Cuando una ciudad cumple con el rol de ser una capital nacional, se convierte en algo más que en el centro neurálgico de un país. Además de aquel rol, se convierte en el documento construido de una nación.

A pocas semanas de tener camiones repletos de manifestantes pasando en contravía por mi calle, a altas horas de la madrugada; de presenciar cómo llegaban camiones militares para estacionarse frente a mi casa, me encuentro en un escenario diferente. Estoy en Washington D. C., otra capital que también sufre –a su manera– sus propios momentos de crisis.

En varias ocasiones he mencionado que la consolidación de la capital estadounidense tomó mucho tiempo más de lo previsto. Washington D. C. fue la que más sufrió el ataque británico en sus intentos de reconquista de 1812. La Casa Blanca y el Capitolio originales fueron convertidos en cenizas. Para cuando la ciudad comenzaba a levantarse, debió enfrentar las consecuencias de estar próxima al frente de batalla, durante la Guerra de Secesión.

Las directrices que consolidaron a la capital federal recién se dieron a comienzos del siglo pasado, con el Plan McMillan, influenciado por la visión monumentalista de la época. Ahí quedaron plasmados el National Mall, los memoriales y los edificios públicos complementarios que caracterizan a la ciudad. Luego, durante la Guerra fría, Washington D. C. agregó una arquitectura brutalista, que se tomó las capas intermedias de la ciudad, con edificios de un Estado sobredimensionado y destinado a resistir la competencia ideológica y geopolítica contra la Unión Soviética.

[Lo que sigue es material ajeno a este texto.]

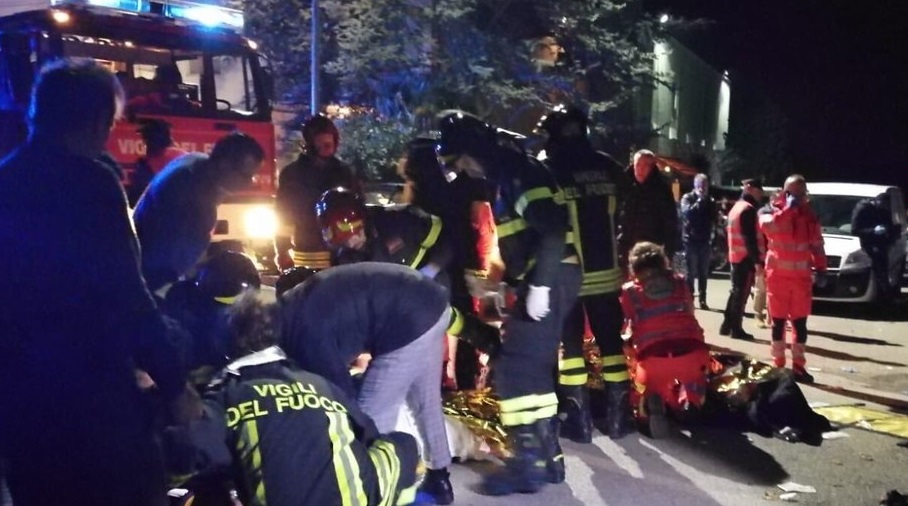 دستکم ۱۲۶ کشته و زخمی بر اثر ازدحام جمعیت در یک باشگاه شبانه در ایتالیا دستکم ۱۲۶ کشته و زخمی بر اثر ازدحام جمعیت در یک باشگاه شبانه در ایتالیا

El Washington D. C. que me recibe ahora está desgastado. Su Metro, que antes era una bella expresión del modernismo, está con escaleras eléctricas apagadas y letreros enmugrecidos. Las protestas se concentran ahora frente a la Corte Suprema, donde la gente expresa su inconformidad por su fallo en contra del aborto. Son las mismas personas que hace un año protestaban contra la brutalidad policial que acabó con la vida de George Floyd. A pocos metros de distancia se halla el Capitolio, que también sufrió el ataque más grotesco y peligroso que ha atestiguado la democracia norteamericana.

La capital expresa el desgaste de su nación. Me pregunto: ¿Cómo se expresarán los conflictos políticos y sociales de nuestro país en nuestra ciudad capital?

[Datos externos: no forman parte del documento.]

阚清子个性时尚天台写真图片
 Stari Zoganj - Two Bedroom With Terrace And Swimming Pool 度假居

Nuestro escenario no es uno de discrepancias, donde se contraponen visiones de ética y de intereses. En nuestro país hay una realidad negada a un grupo específico de la población que debe ser atendido a la brevedad posible. Si la firma de la paz se convierte nuevamente en una excusa para ignorar esas carencias, tendremos peores revueltas en el futuro.

La desatención sufrida por la población rural indígena se ha convertido en la oportunidad perfecta para los que se autoproclaman salvadores de los más necesitados. En semejante escenario, el reclamo justo se convierte en el medio maquiavélico para que pocos mejoren su posicionamiento político.

Ignorar las carencias de muchos puede convertir a nuestra capital en una ciudad de cicatrices. (O)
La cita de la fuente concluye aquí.